• _What you will do_
Write out every line exactly, from the start of the records below to the line with "Seminarium — moduły z promocją i zniżką", and stop there. Don't write out the pictures.

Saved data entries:
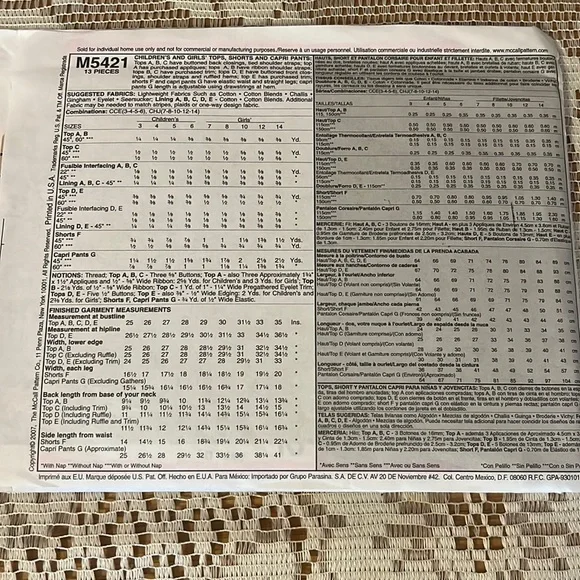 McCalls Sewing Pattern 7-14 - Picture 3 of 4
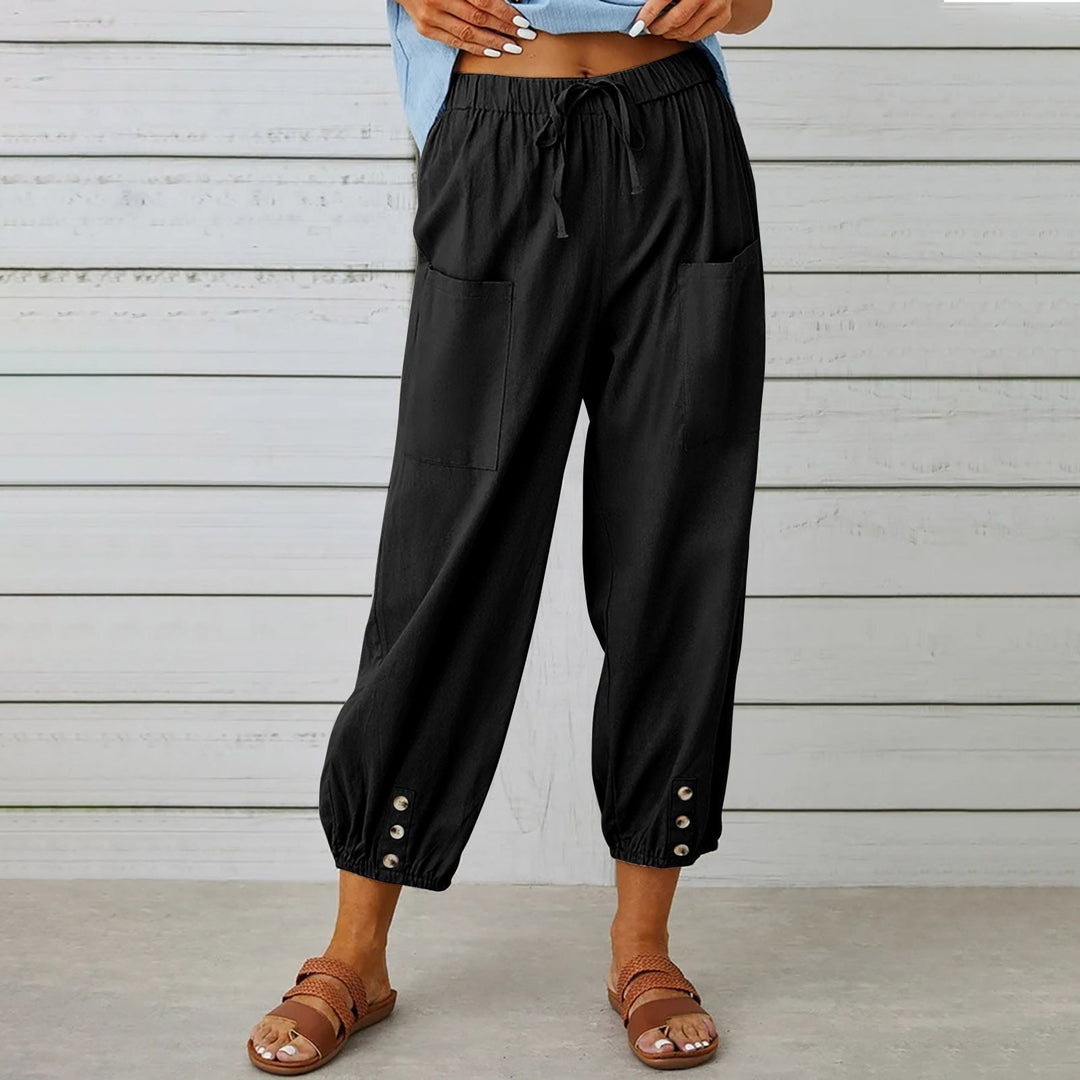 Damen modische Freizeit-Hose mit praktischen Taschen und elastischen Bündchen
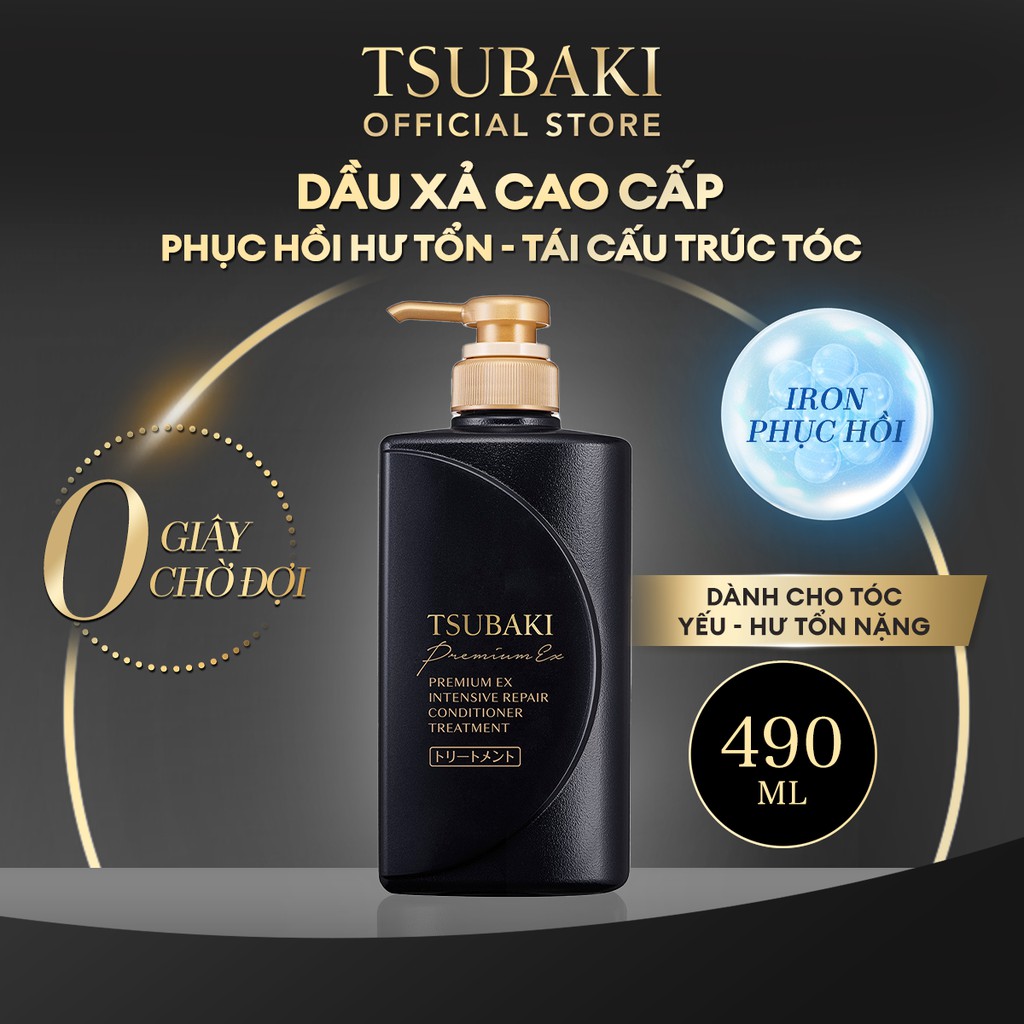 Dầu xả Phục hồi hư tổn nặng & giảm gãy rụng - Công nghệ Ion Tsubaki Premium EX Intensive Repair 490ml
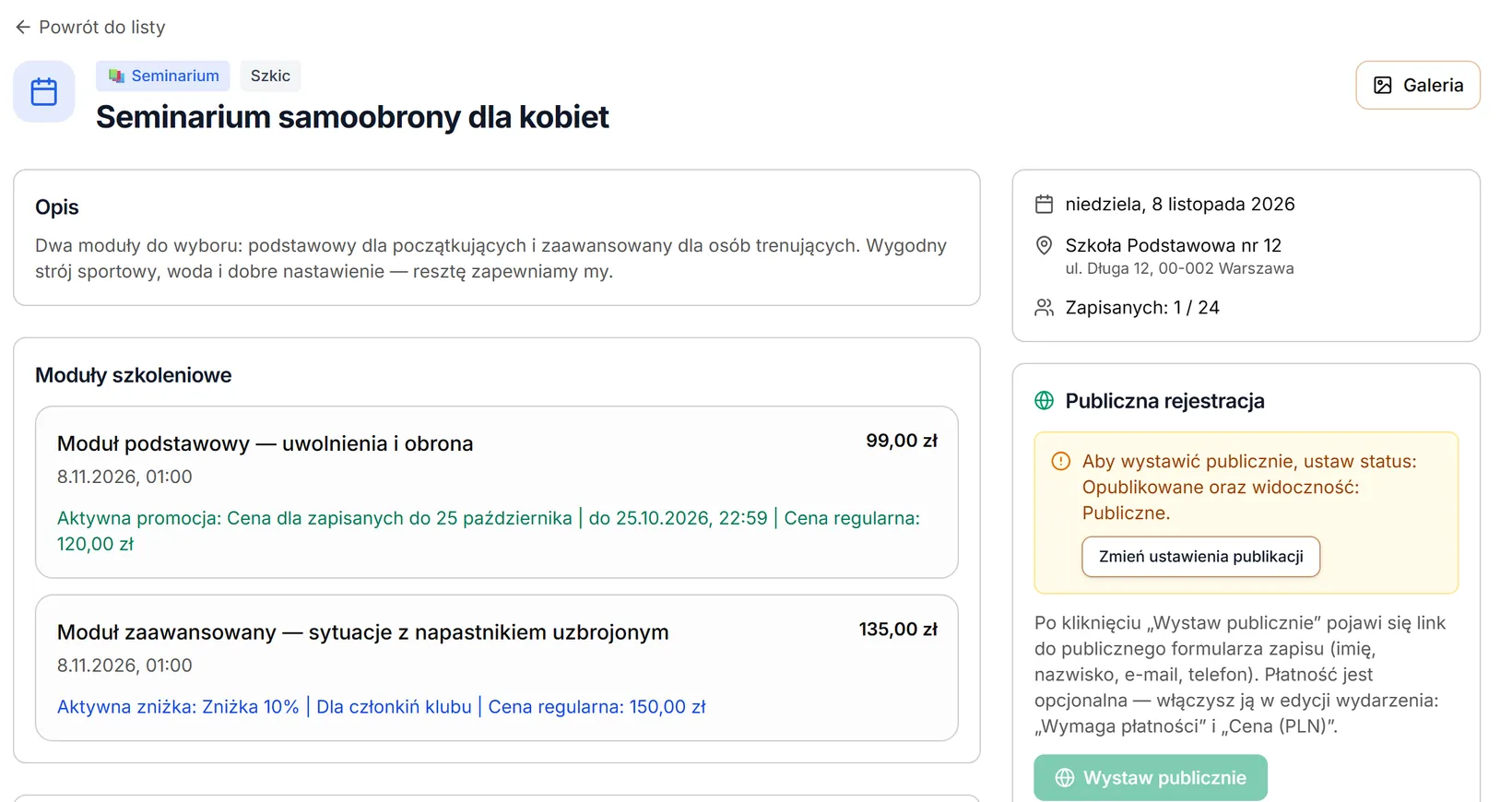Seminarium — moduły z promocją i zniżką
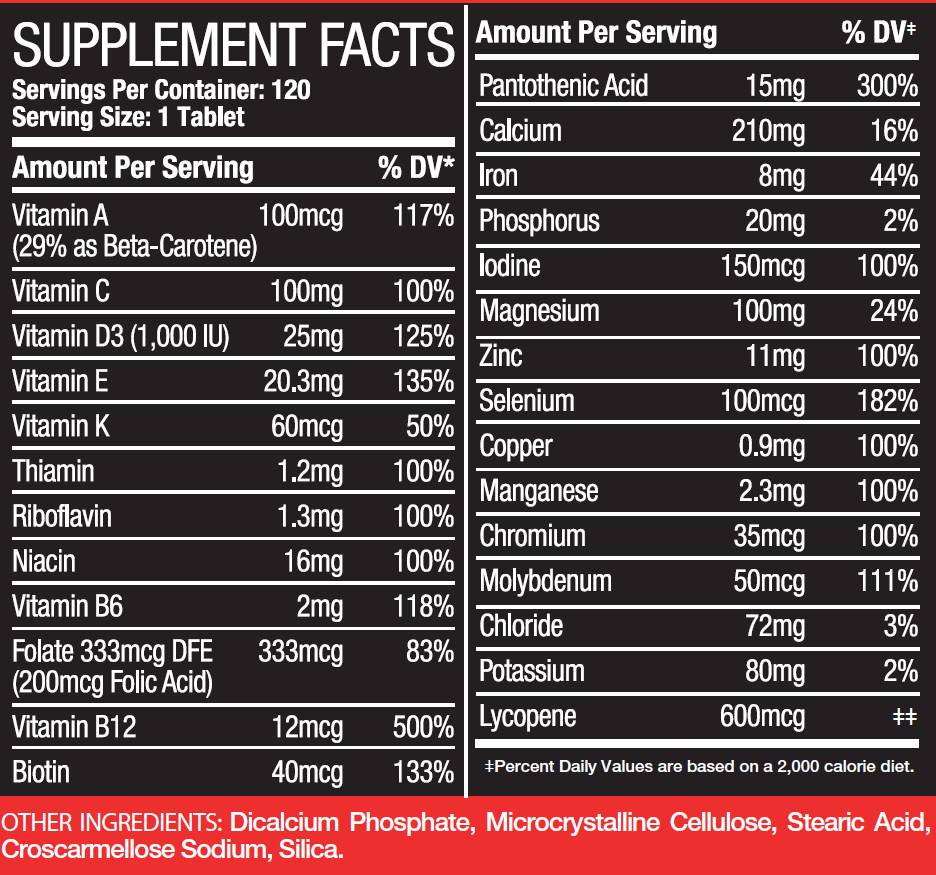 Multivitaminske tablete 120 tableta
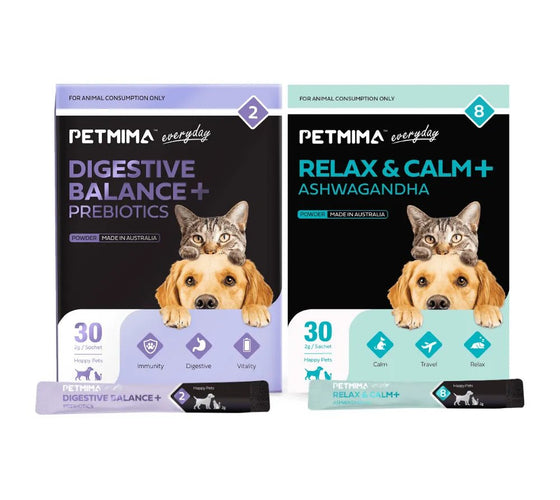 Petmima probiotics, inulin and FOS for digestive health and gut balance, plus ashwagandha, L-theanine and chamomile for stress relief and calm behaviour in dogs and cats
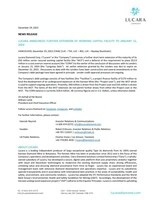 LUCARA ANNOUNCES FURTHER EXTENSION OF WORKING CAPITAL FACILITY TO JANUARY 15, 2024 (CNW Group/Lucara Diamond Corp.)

• _Answer to the exercise_
 McCalls Sewing Pattern 7-14 - Picture 3 of 4
 Damen modische Freizeit-Hose mit praktischen Taschen und elastischen Bündchen
 Dầu xả Phục hồi hư tổn nặng & giảm gãy rụng - Công nghệ Ion Tsubaki Premium EX Intensive Repair 490ml
Seminarium — moduły z promocją i zniżką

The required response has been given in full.